Refiro-me àquela em que se afirma que "é da essência orgânica da Nação Portuguesa desempenhar a função histórica de colonizar as terras dos Descobrimentos sob a sua soberania".
A expressão "é da essência orgânica da Nação Portuguesa" do vigente Acto Colonial provocou justificados reparos. Tomada no seu sentido natural, ela significaria que Portugal foi sempre potência colonial e que Portugal cessaria de existir como nação no dia em que não tivesse territórios a colonizar.
A essência orgânica de qualquer ser é invariável; não está sujeita a alterações, a mudanças. Ora, a essência orgânica da Nação Portuguesa, segundo o projecto, é diferente da que é atribuída à mesma nação no Acto Colonial em vigor. Não insistamos em considerar como essência orgânica da Nação o que quando muito pode ser tomado como imperativo da sua gloriosa História.
Outra disposição que foi objecto de acerba crítica é aquela em que se diz que os territórios ultramarinos constituem o "Império Colonial Português".
Muito grato é verificar que no correspondente artigo 3o projecto foram suprimidas essas palavras. Ainda mais. Em nenhuma das disposições do projecto há referência ao "Império Colonial Português". Esta circunstância leva-me a dizer que é certamente por lapso que o título vii do projecto se epigrafou "Do Império Colonial Português".
Apoiados.
Há um outro ponto para o qual devo chamar a atenção dos Srs. Deputados. Como já frisei, a integração do Acto Colonial na Constituição importa uma nítida afirmação da unidade da Nação.
Ora se assim é, não faz sentido o que se estabelece na parte do projecto referente às garantias gerais. Dispõe-se nessa parte, entre outras coisas, que "os direitos e garantias individuais declarados pela Constituição igualmente são reconhecidos a nacionais e estrangeiros nas províncias ultramarinas".
Isto, antes de mais, é uma redundância. Pelo artigo 1.º da Constituição, o território de Portugal compreende, além do continente e arquipélagos da Madeira e dos Açores, todas as províncias ultramarinas. Pelo artigo 3.º todos os portugueses residentes dentro ou fora do território referido no artigo 1.º constituem a Nação. Pelo artigo 7.º todos os cidadãos portugueses gozam dos direitos e garantias enumerados no artigo 8.º
Como VV. Ex.ªs vêem, estando assegurados na Constituição determinados direitos e garantias a todos os cidadãos portugueses da metrópole e do ultramar é inútil que na mesma Constituição se assegurem os mesmos direitos e as mesmas garantias a quem é cidadão português do ultramar.

Vozes: - Muito bem!

O Orador: - E o que é mais de notar é que se diga que os direitos e garantias declarados na Constituição são igualmente reconhecidos a nacionais nas províncias ultramarinas, dando assim a impressão de que o artigo 8.º da Constituição, que trata de direitos e garantias, é aplicável só aos cidadãos portugueses da metrópole.
O mesmo se diga da liberdade dos cultos, que está assegurada nos artigos 8.º, 45.º e 46.º da Constituição, sendo portanto inútil o artigo 7.º-C da proposta.
Sr.

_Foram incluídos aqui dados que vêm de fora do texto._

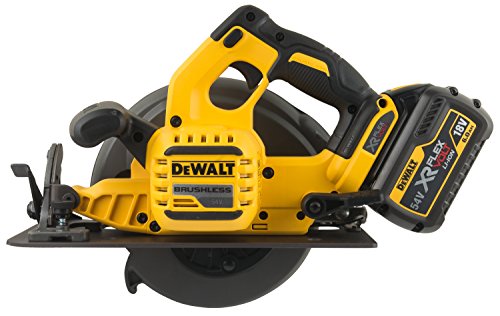 Dewalt DCS575T2-QW Sierra circular sin escobillas XR Flexvolt 54V con 2 baterías 54V/18V Li-Ion 6, 0 W, 54 V, Negro, Amarillo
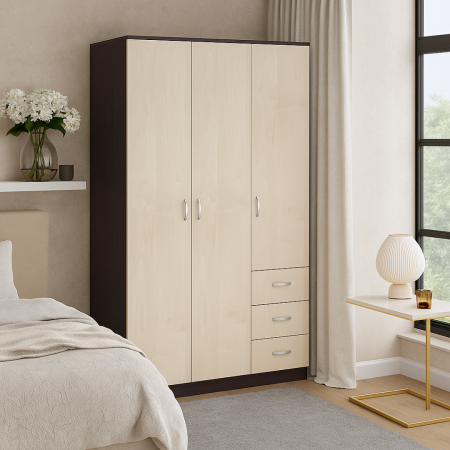 MOBILIER LIVING - Dulap Ionut,120x50x200 cm, Wenge+Mesteacan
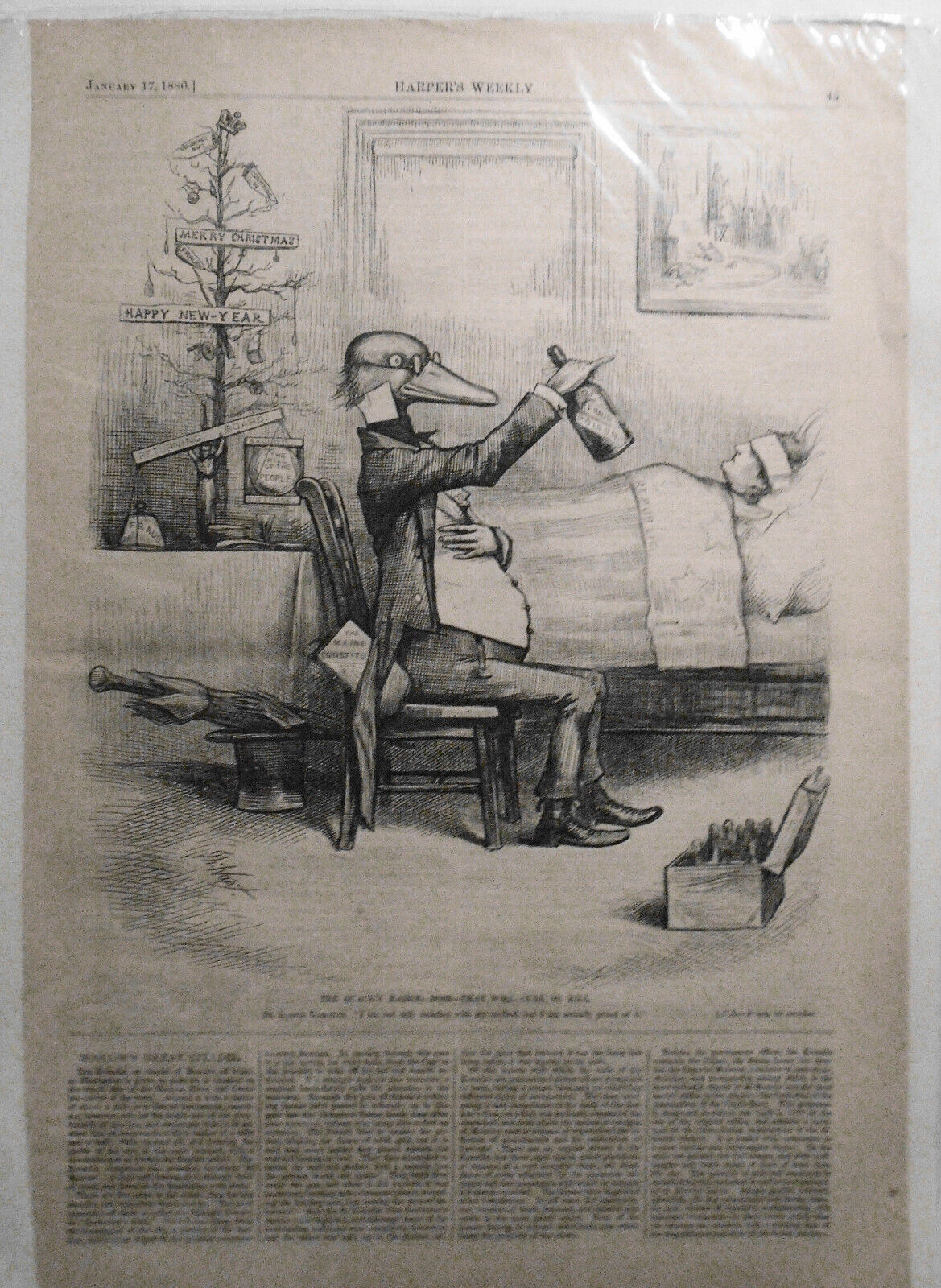 The Quack's Main(e) Dose, by Thomas Nast - Harper's Weekly, January 17, 1880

Presidente: por último quero tratar de um ponto que reputo ser de primacial importância. Refiro-me ao regime político e administrativo das províncias ultramarinas.
A Constituição de 1911, reconhecendo certamente os graves inconvenientes da asfixiante centralização na administração das províncias ultramarinas que vigorava, consignou numa das suas disposições o princípio de descentralização com autonomia administrativa e financeira. De acordo com um tão salutar princípio, o Congresso da República votou em 1914 as bases orgânicas que representavam uma profunda reforma das instituições administrativas do ultramar.
Na revisão constitucional de 1920 definiu-se a competência dos poderes do Estado na administração das províncias ultramarinas. Diplomas posteriores introduziram várias alterações, todas tendentes a aperfeiçoar o regime de descentralização, que, como ficou dito, a Constituição de 1911 assegurara ao ultramar.
Em 1926 a Ditadura decretou novas bases. Contendo disposições acentuadamente centralizadoras, essas bases vieram inutilizar os esforços despendidos na longa jornada que ia de 1914 a 1926. As províncias ultramarinas viram-se novamente no regime de absorvente centralização que por tantos anos predominara.
Em 1928 vieram outras bases e em 1930 o Acto Colonial, orientados pelo mesmo princípio informador das bases de 1926, que foram verdadeiramente marcha à ré, como os classificou o Ministro que as referendou. Verdade é que o Acto Colonial, no seu artigo 26.º, garante às colónias a descentralização administrativa e a autonomia financeira que sejam compatíveis com a Constituição, o seu estado de desenvolvimento e os seus recursos próprios.
Mas não é menos verdade que esta disposição continua fria e inerte nas páginas do Diário do Governo, nada tendo havido até hoje - vão já decorridos tantos anos! - em sua execução.
Anima-me -a certeza de que com a aprovação pela Assembleia Nacional das disposições do projecto sobre o regime político e administrativo das províncias ultramarinas já não será assim. Tenho motivos de sobra para esperar que dessas disposições virá ao Estado da Índia o tão desejado Estatuto.
Explico-me. Foi em 1946. Era governador-geral do Estado da Índia o Sr. Dr. José Ferreira Bossa. S. Ex.ª mandou convocar o Conselho do Governo em 16 de Dezembro desse ano, em sessão extraordinária, para uma comunicação urgente que tinha a fazer. Aberta a sessão, comunicou que a Assembleia Nacional, em sessão de 28 de Novembro do mesmo ano, votara a seguinte moção:

1.º Afirma a sua confiança nos princípios de justiça e do direito das nações a ver respeitada a sua integridade e a inviolabilidade do seu território;
2.º Saúda o Estado da índia, que há mais de quatro séculos faz parte da Nação Portuguesa;
3.º Reafirma os sentimentos de fraternidade que ligam os portugueses de todo o Mundo aos seus irmãos indo-portugueses, que, dentro e fora da Pátria, têm elevado o nome de Portugal pela sua cultura e comum sentido da grandeza da Nação;
4.º Assegura ao Governo e ao governador-geral da Índia todo o apoio na sua acção em defesa dos superiores interesses nacionais.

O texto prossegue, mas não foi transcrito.